Microeconomics is the study of how individuals and businesses make choices on how to best use limited resources. The field interests investors as individual consumer spending accounts for about two-thirds of the U.S. economy. Microeconomics and macroeconomics (the study of the larger aggregate economy) together make up the two main branches of economics. 

So how do the principles of microeconomics affect everyday life? Most people have a limited amount of time and money. They cannot buy or do everything they want, so they make calculated decisions on how to use limited resources to maximize personal satisfaction. Similarly, a business also has limited time and money. Businesses also make decisions that result in the best outcome for the business which may be to maximize profit. 

Microeconomics Principles

Microeconomics uses certain principles to explain how individuals and businesses make decisions. One of the basic principles of microeconomics is that individuals make decisions to maximize their satisfaction. In microeconomics, this is called maximizing utility.
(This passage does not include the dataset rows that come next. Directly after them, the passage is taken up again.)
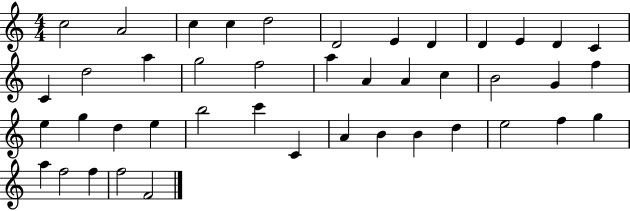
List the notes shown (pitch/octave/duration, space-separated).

C5/h A4/h C5/q C5/q D5/h D4/h E4/q D4/q D4/q E4/q D4/q C4/q C4/q D5/h A5/q G5/h F5/h A5/q A4/q A4/q C5/q B4/h G4/q F5/q E5/q G5/q D5/q E5/q B5/h C6/q C4/q A4/q B4/q B4/q D5/q E5/h F5/q G5/q A5/q F5/h F5/q F5/h F4/h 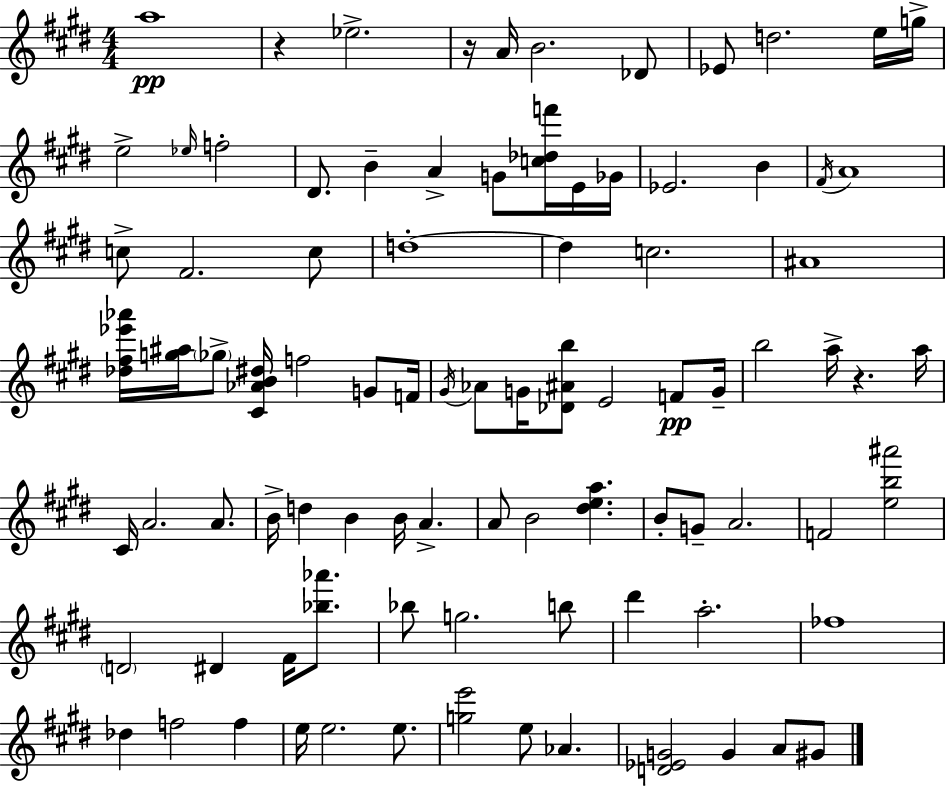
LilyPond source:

{
  \clef treble
  \numericTimeSignature
  \time 4/4
  \key e \major
  a''1\pp | r4 ees''2.-> | r16 a'16 b'2. des'8 | ees'8 d''2. e''16 g''16-> | \break e''2-> \grace { ees''16 } f''2-. | dis'8. b'4-- a'4-> g'8 <c'' des'' f'''>16 e'16 | ges'16 ees'2. b'4 | \acciaccatura { fis'16 } a'1 | \break c''8-> fis'2. | c''8 d''1-.~~ | d''4 c''2. | ais'1 | \break <des'' fis'' ees''' aes'''>16 <g'' ais''>16 \parenthesize ges''8-> <cis' aes' b' dis''>16 f''2 g'8 | f'16 \acciaccatura { gis'16 } aes'8 g'16 <des' ais' b''>8 e'2 | f'8\pp g'16-- b''2 a''16-> r4. | a''16 cis'16 a'2. | \break a'8. b'16-> d''4 b'4 b'16 a'4.-> | a'8 b'2 <dis'' e'' a''>4. | b'8-. g'8-- a'2. | f'2 <e'' b'' ais'''>2 | \break \parenthesize d'2 dis'4 fis'16 | <bes'' aes'''>8. bes''8 g''2. | b''8 dis'''4 a''2.-. | fes''1 | \break des''4 f''2 f''4 | e''16 e''2. | e''8. <g'' e'''>2 e''8 aes'4. | <d' ees' g'>2 g'4 a'8 | \break gis'8 \bar "|."
} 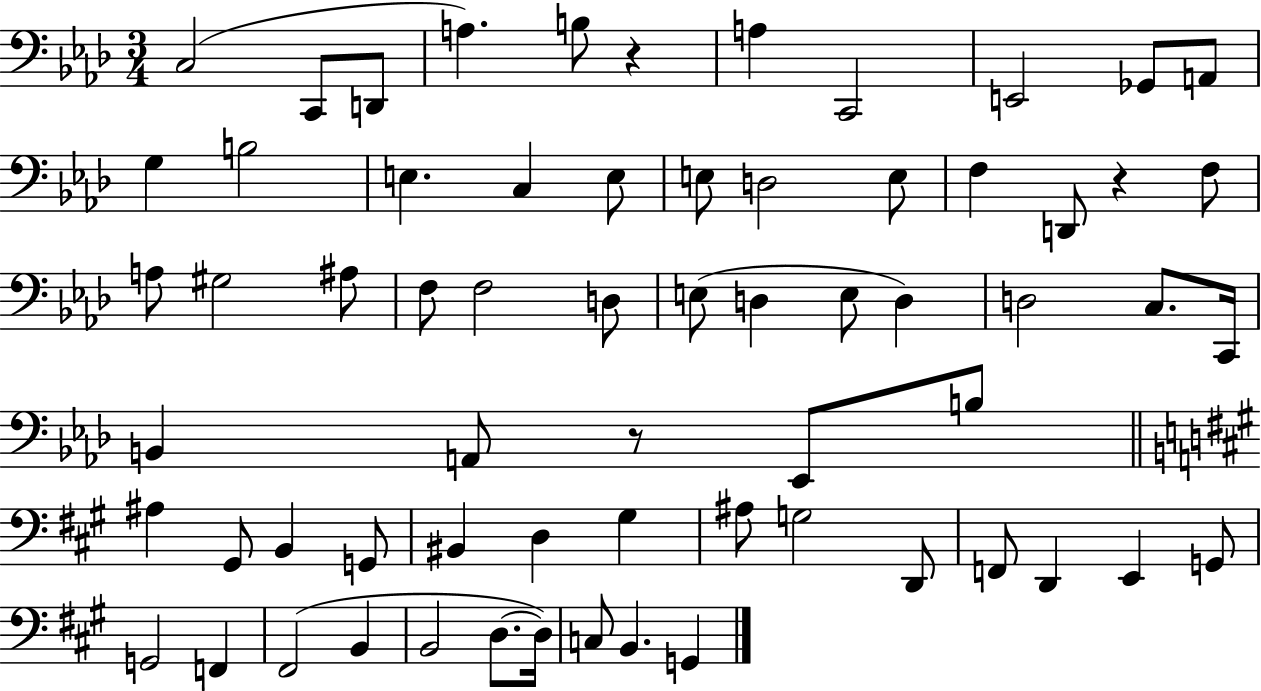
{
  \clef bass
  \numericTimeSignature
  \time 3/4
  \key aes \major
  c2( c,8 d,8 | a4.) b8 r4 | a4 c,2 | e,2 ges,8 a,8 | \break g4 b2 | e4. c4 e8 | e8 d2 e8 | f4 d,8 r4 f8 | \break a8 gis2 ais8 | f8 f2 d8 | e8( d4 e8 d4) | d2 c8. c,16 | \break b,4 a,8 r8 ees,8 b8 | \bar "||" \break \key a \major ais4 gis,8 b,4 g,8 | bis,4 d4 gis4 | ais8 g2 d,8 | f,8 d,4 e,4 g,8 | \break g,2 f,4 | fis,2( b,4 | b,2 d8.~~ d16) | c8 b,4. g,4 | \break \bar "|."
} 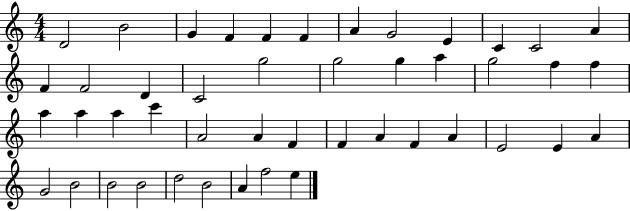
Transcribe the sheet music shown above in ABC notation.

X:1
T:Untitled
M:4/4
L:1/4
K:C
D2 B2 G F F F A G2 E C C2 A F F2 D C2 g2 g2 g a g2 f f a a a c' A2 A F F A F A E2 E A G2 B2 B2 B2 d2 B2 A f2 e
Another economic principle that comes into play as consumers make decisions is opportunity cost. When an individual makes a decision, she also calculates the cost of forgoing the next best alternative. For instance, if you use your frequent flier miles to take a trip to the Bahamas, you will no longer be able to redeem the miles for cash. The missed cash is an opportunity cost.

Diminishing marginal utility, another economic input, describes the general consumer experience that the more you consume of something, the lower the satisfaction you get. For instance, when you eat one burger you may feel very satisfied. But if you eat a second burger, you may feel a lesser amount of satisfaction than with the the first burger.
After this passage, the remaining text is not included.